Anglo-German Scholarly Networks in the Long Nineteenth Century

Organisatoren
Heather Ellis, Humboldt-Universität zu Berlin; Ulrike Kirchberger, Universität Bayreuth
Ort
Berlin
Land
Deutschland
Vom - Bis
19.08.2011 - 20.08.2011
Url der Konferenzwebsite
Von
Ulrike Kirchberger, Universität Bayreuth

The two-day conference “Anglo-German Scholarly Networks in the Long Nineteenth Century” took place on the 19th and 20th of August 2011 at the Centre for British Studies at the Humboldt-University Berlin and was organized by HEATHER ELLIS (Berlin) and ULRIKE KIRCHBERGER (Bayreuth/Eichstätt). The conference aimed to achieve an integrated, transnational perspective on Anglo-German scholarly relations in the long nineteenth century. Based on the idea of the transnational network in both its informal and institutional dimensions, the participants discussed the transfer of knowledge and ideas which took place through the medium of scholarly correspondence and publication, and through the migration of scholars between the two countries. The organizers intended to contribute to a better understanding of how Anglo-German scholarly networks were built up, how they functioned and how coherent they were in relation to the wider European, Anglo-American and global scholarly networks in which they were integrated. Furthermore, they aimed to investigate the impact which Anglo-German collaboration had on developments in science and society in both countries. University reforms, the formation of academic disciplines and increasing professionalization, paradigm shifts in science as well as mutual perceptions and stereotypes in the context of Anglo-German interaction were central topics of the conference. These issues, which were outlined in a keynote address by ULRIKE KIRCHBERGER (Bayreuth/Eichstätt), were subsequently addressed in eight panels dealing with specific aspects of Anglo-German scholarly networks from 1780 to 1918.

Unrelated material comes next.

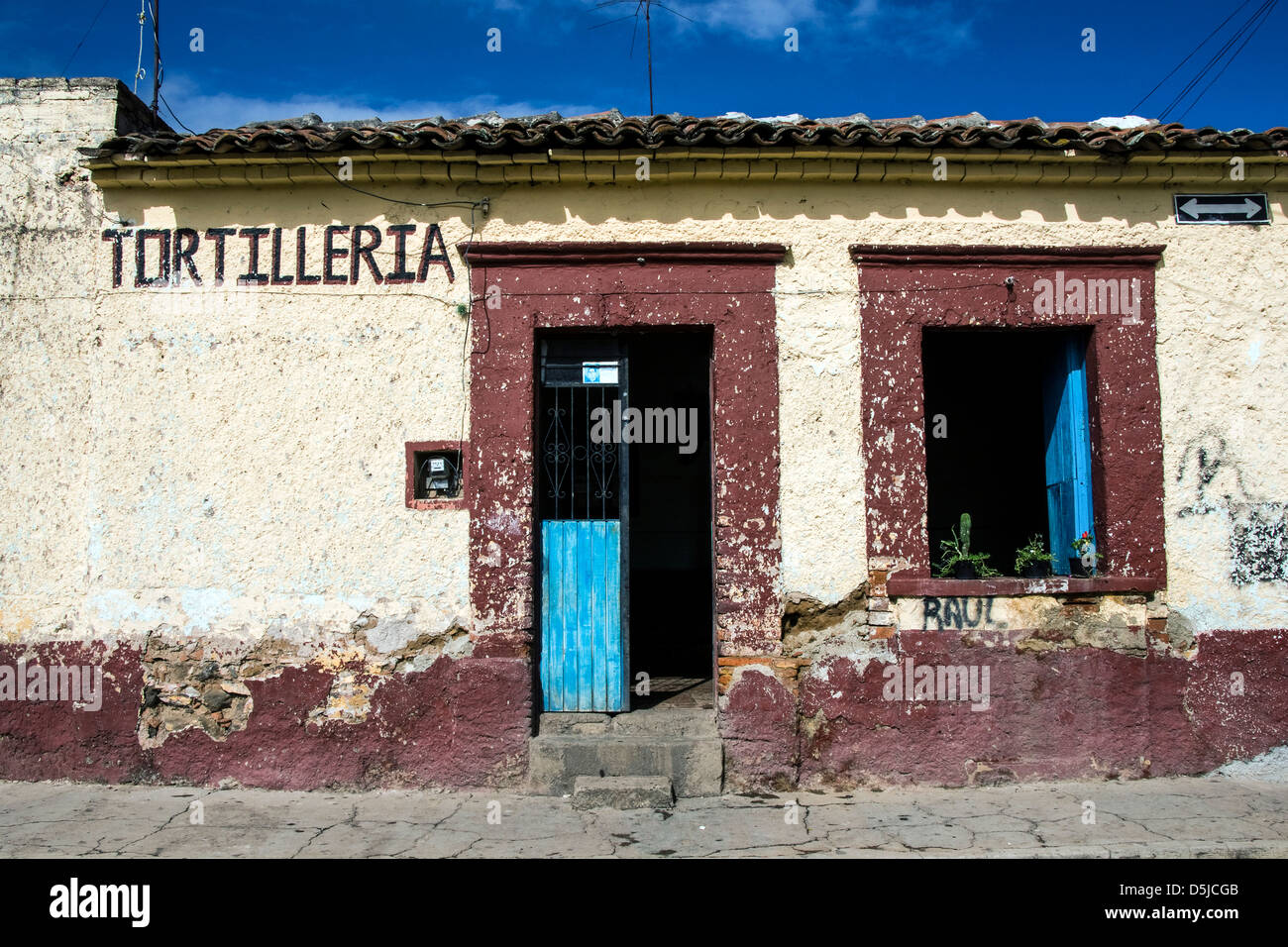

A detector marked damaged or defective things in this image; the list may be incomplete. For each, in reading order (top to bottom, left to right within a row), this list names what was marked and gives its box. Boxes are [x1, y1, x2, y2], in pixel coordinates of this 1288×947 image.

cracked concrete sidewalk [2, 773, 1288, 860]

The first panel comprised papers on the institutional infrastructures of Anglo-German scholarly networks. THOMAS BISKUP (Hull) analyzed this aspect for the late eighteenth and early nineteenth centuries. After the Seven Years’ War the British demand for scientists to explore the natural world of the expanding overseas empire was growing. As there was a lack of qualified personnel on the British side, German scientists played a central role in British “scientific imperialism”. Thomas Biskup explained the intense cooperation between British and German natural scientists in the early nineteenth century against the background of the Personal Union between Hanover and Britain. Particularly close connections were systematically developed between the University of Göttingen and London’s Royal Society, the British Museum and the Royal Botanic Gardens. He emphasized that religion and politics shaped these scholarly relations and that the mechanisms and itineraries of Anglo-German scholarly exchange built on earlier religious networks established by Pietists and other Protestant theologians. JOHN R. DAVIS (Kingston) then turned to another important institutional aspect of Anglo-German scholarly networking. He explored the role of British images about German higher education in the debate about university reform in Britain. After outlining the impact of individual German scholars and of British perceptions of German university reform on the British reform discourse, he concentrated on the Royal Commissions which visited Oxford and Cambridge in the early 1850s and which were crucial tipping-points in the process of reforming higher education in Britain in the nineteenth century. He further investigated the changing images of German education presented by the reformers before, at, and after the Royal Commissions.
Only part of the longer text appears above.